WHAT TO WORK ON » With any pictures left out, restate word for word the lines in the listing below from the one holding "Тауї плямистий - ML616522214" through the last.

DATASET CONTENT »
★ ★ ★ ★ ★ ★ ★
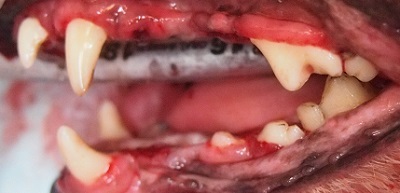 プリンちゃん　犬の歯石除去4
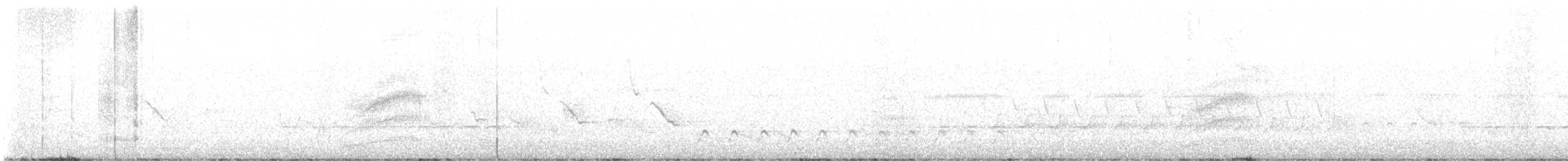 Тауї плямистий - ML616522214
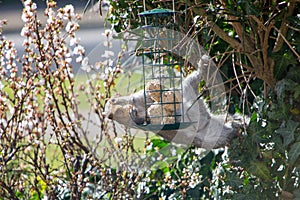 A squirrel hanging at a funny angle from a bush sealing suet fat balls from a bird feeder. He is holding some of the food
★ ★ ★ ★ ★ ★ ★
RESULT »
 Тауї плямистий - ML616522214
 A squirrel hanging at a funny angle from a bush sealing suet fat balls from a bird feeder. He is holding some of the food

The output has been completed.